YOUR OBJECTIVE: Transcribe every entry word for word. Skip the pictures.

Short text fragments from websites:
------------------------------------------------------------

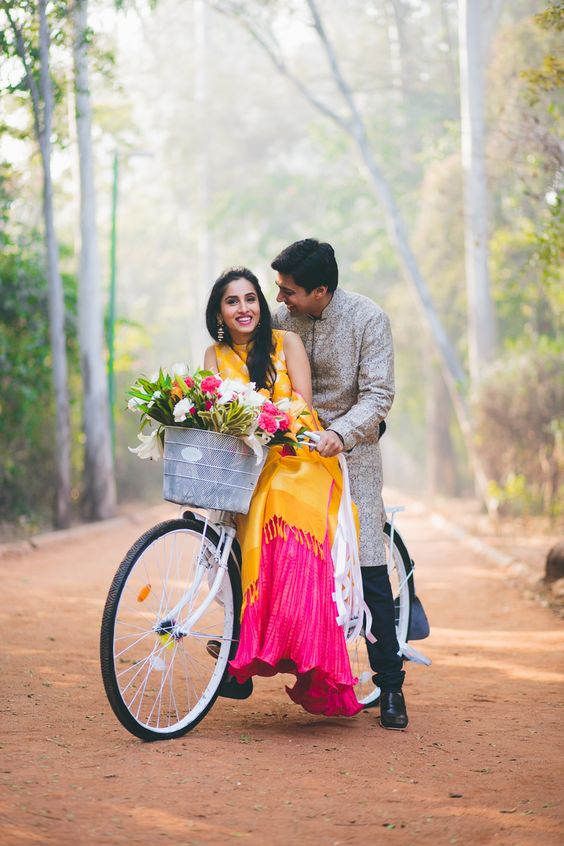 Must Try Pre Wedding Photoshoot Ideas on Pinterest 2019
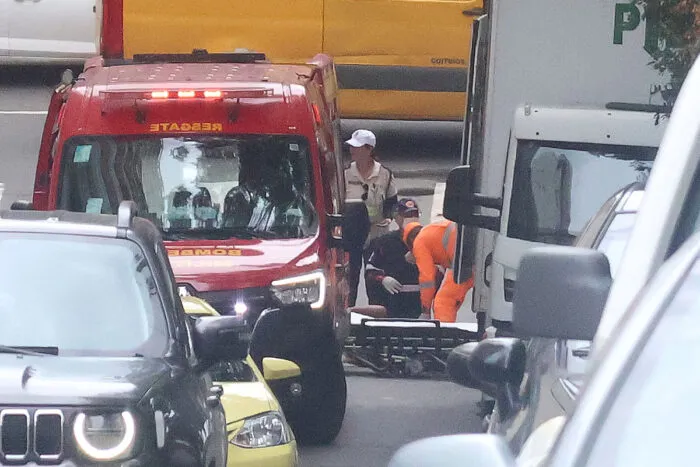 Mulher salta de carro em movimento no Centro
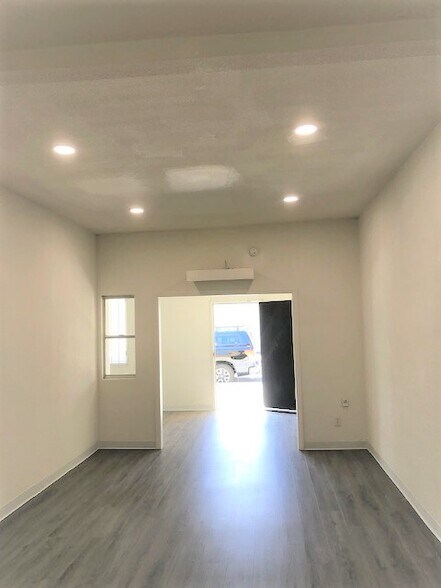 More Photos Of 6106-6112 Rita Ave, Huntington Park Storefront Retail Office For Lease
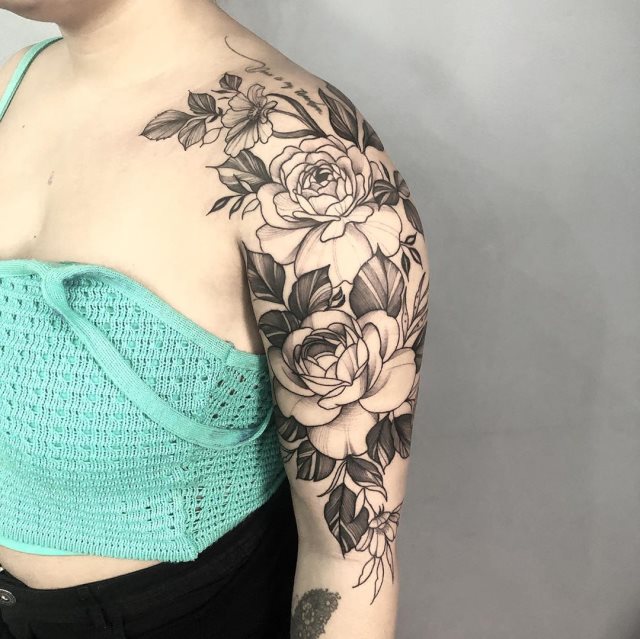 tattoo feminin pour bras 52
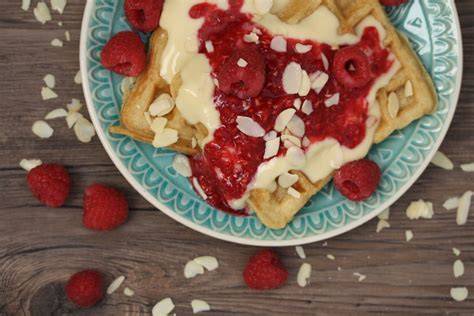 Belgische Waffel mit Nutella und Himbeeren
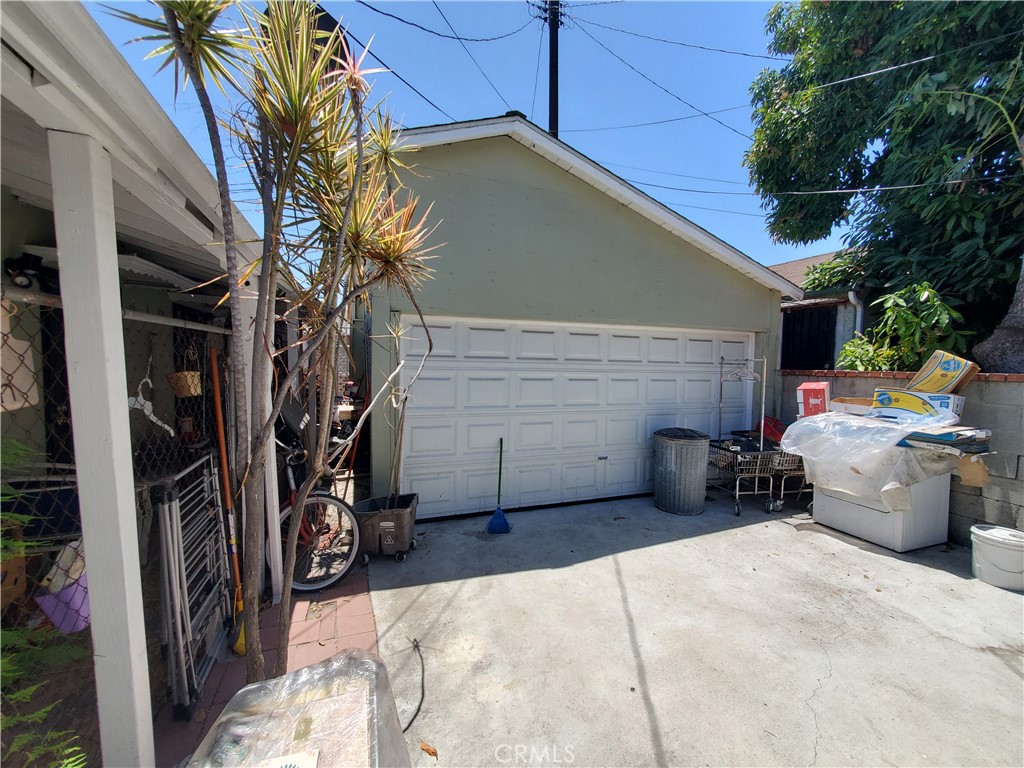 2508 Saturn Avenue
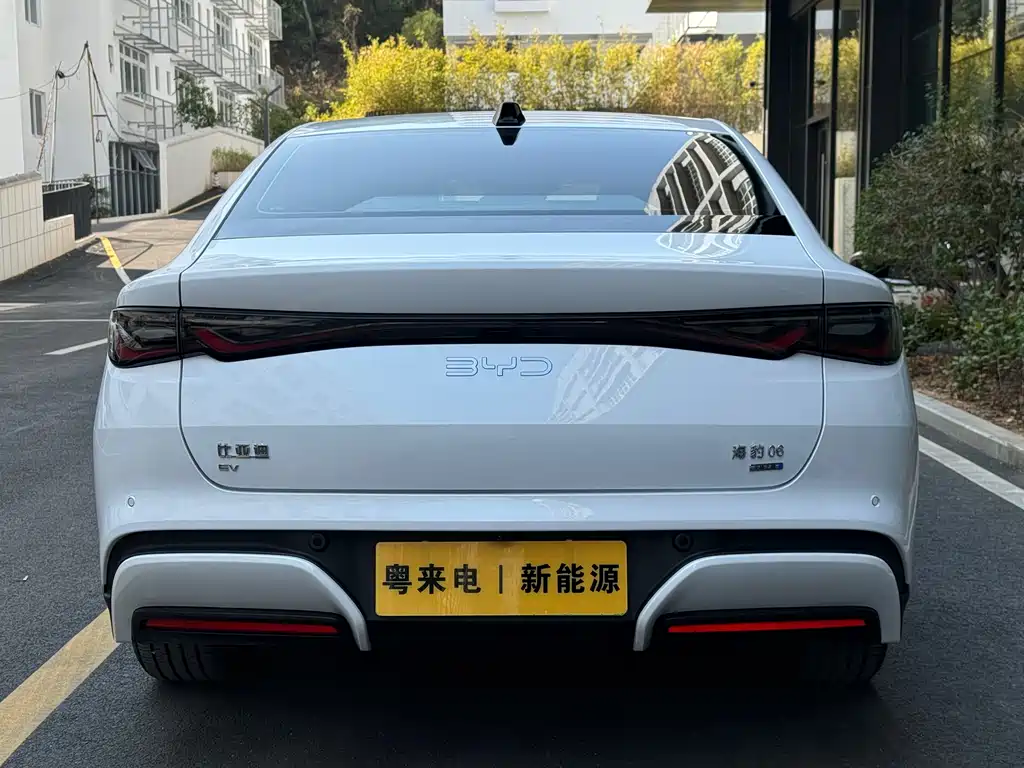 BYD SEAL 06 NEW ENERGY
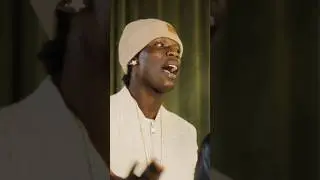 🎹🔥Seyi Vibez flips &ldquo;HAPPY SONG&rdquo; on piano #seyivibez #nigeriamusic #afrobeat #audiomack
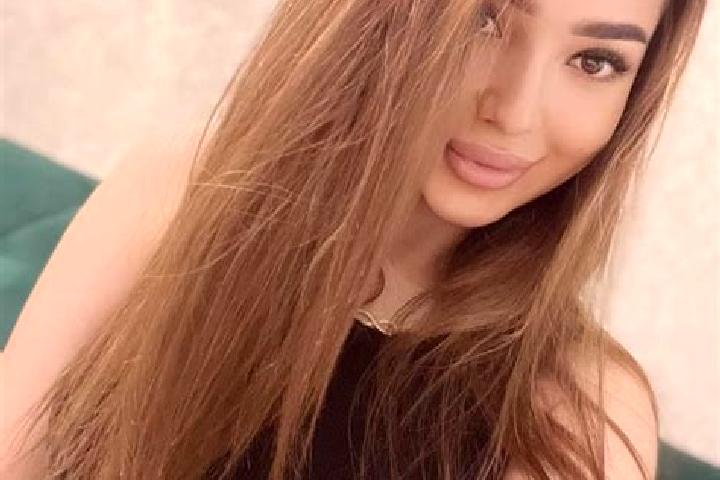 Sienna, 23, a dark blonde dark-eyed latina companion based in Banstead. Offering Domination, Deep French Kissing, Erotic Massage, Overnight. Available for in...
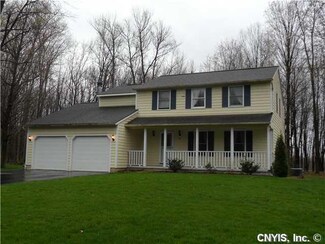 43 Hemlock Ln, Pennellville, NY 13132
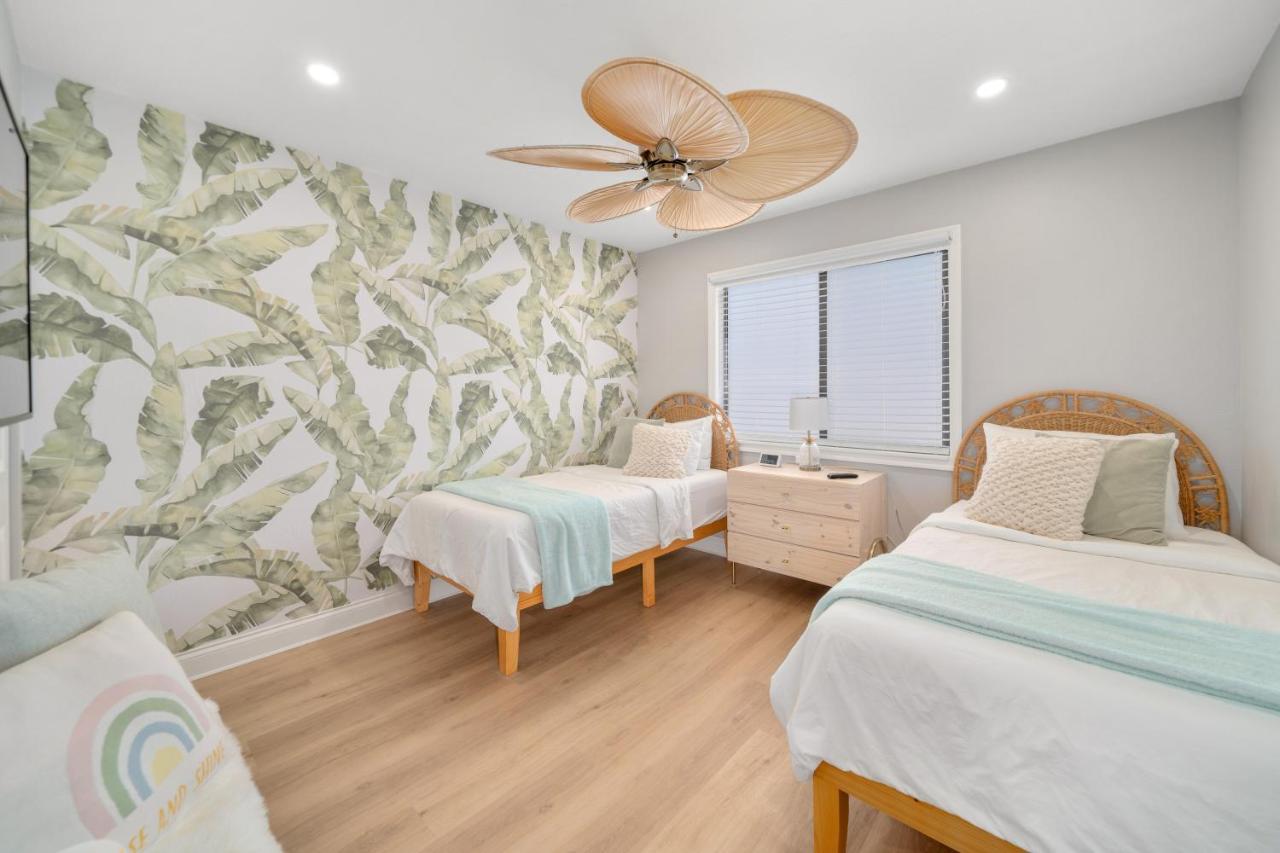Luxury Villa 3 Blocks From The Beach With A Pool, Fire Pit And Outdoor Oasis Cape Canaveral Exteriör bild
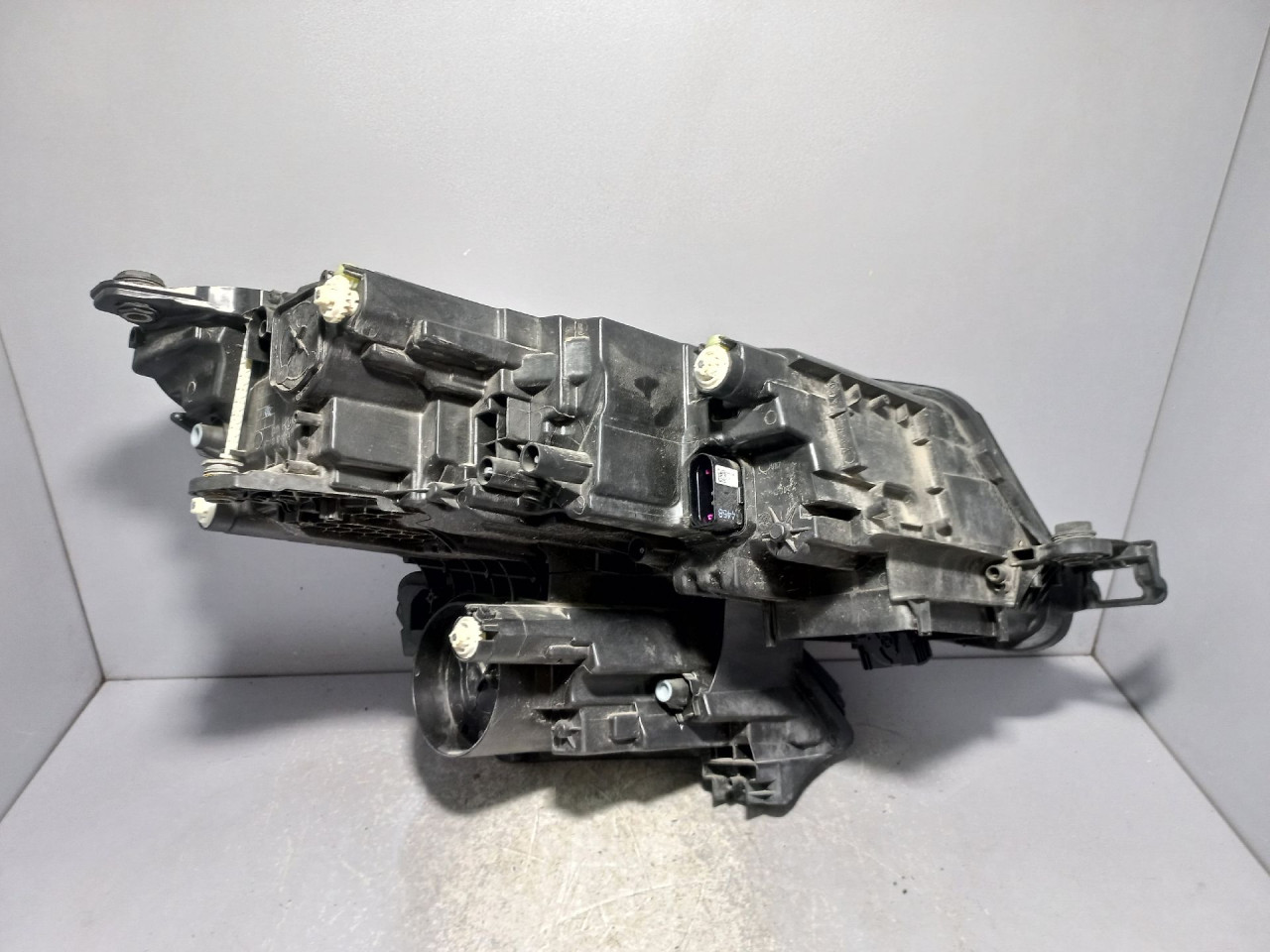 DIJELOVI FAR SKODA KODIAQ > 18-21 566941015F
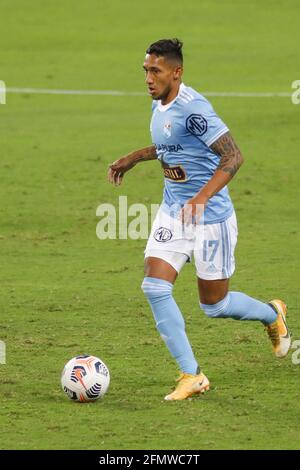 Lima, Pérou. 11 mai 2021. C. Gonzales pendant le match de football de Copa Libertadores entre Sporting Cristal (PER) x Racing (ARG) à l'Estádio Nacional del Peru, à Lima, Pérou. Crédit: SPP Sport presse photo. /Alamy Live News Banque D'Images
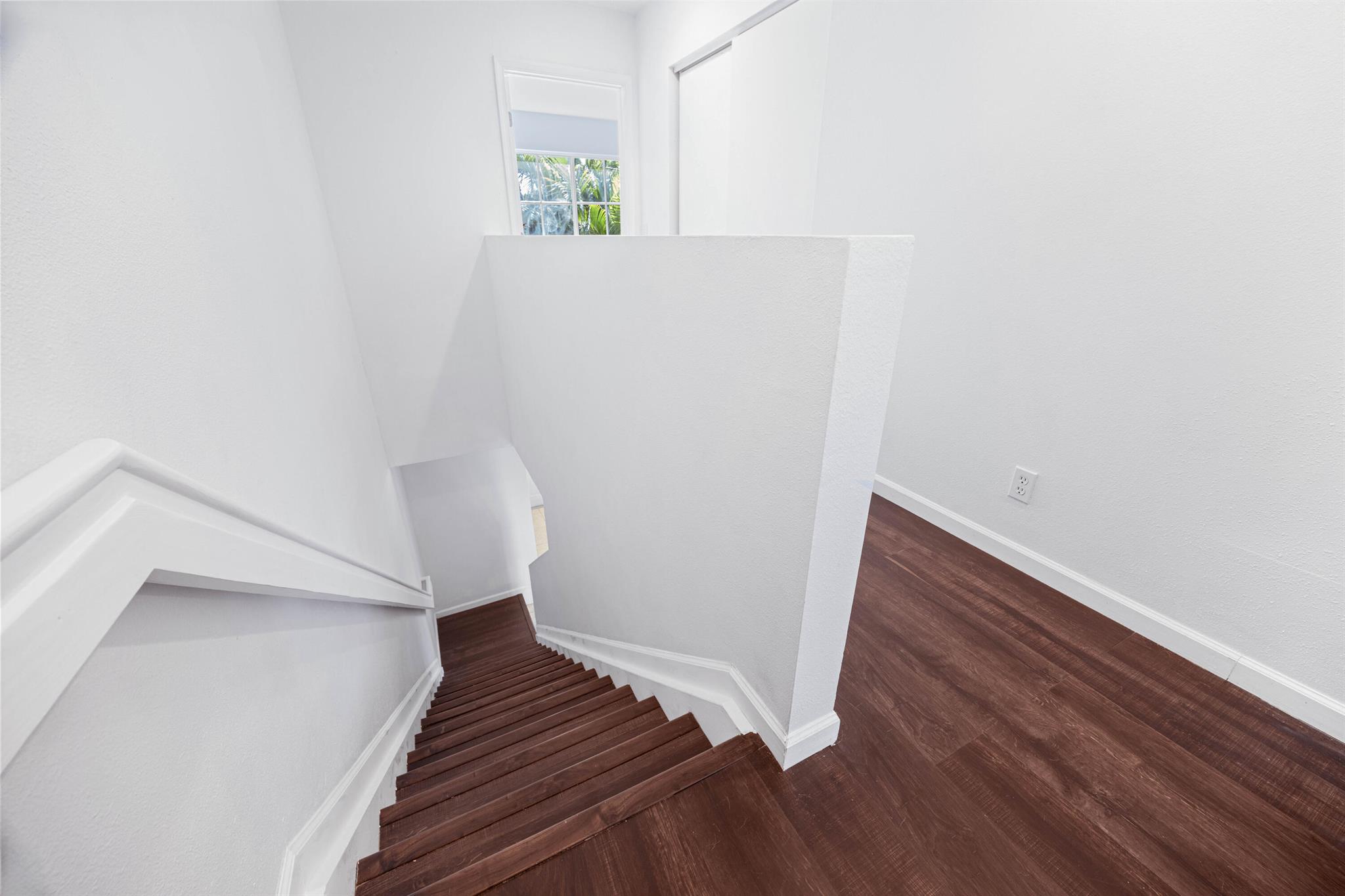 LYMAN VLG - Residential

------------------------------------------------------------

ANSWER SPACE:
 Must Try Pre Wedding Photoshoot Ideas on Pinterest 2019
 Mulher salta de carro em movimento no Centro
 More Photos Of 6106-6112 Rita Ave, Huntington Park Storefront Retail Office For Lease
 tattoo feminin pour bras 52
 Belgische Waffel mit Nutella und Himbeeren
 2508 Saturn Avenue
 BYD SEAL 06 NEW ENERGY
 🎹🔥Seyi Vibez flips &ldquo;HAPPY SONG&rdquo; on piano #seyivibez #nigeriamusic #afrobeat #audiomack
 Sienna, 23, a dark blonde dark-eyed latina companion based in Banstead. Offering Domination, Deep French Kissing, Erotic Massage, Overnight. Available for in...
 43 Hemlock Ln, Pennellville, NY 13132
Luxury Villa 3 Blocks From The Beach With A Pool, Fire Pit And Outdoor Oasis Cape Canaveral Exteriör bild
 DIJELOVI FAR SKODA KODIAQ > 18-21 566941015F
 Lima, Pérou. 11 mai 2021. C. Gonzales pendant le match de football de Copa Libertadores entre Sporting Cristal (PER) x Racing (ARG) à l'Estádio Nacional del Peru, à Lima, Pérou. Crédit: SPP Sport presse photo. /Alamy Live News Banque D'Images
 LYMAN VLG - Residential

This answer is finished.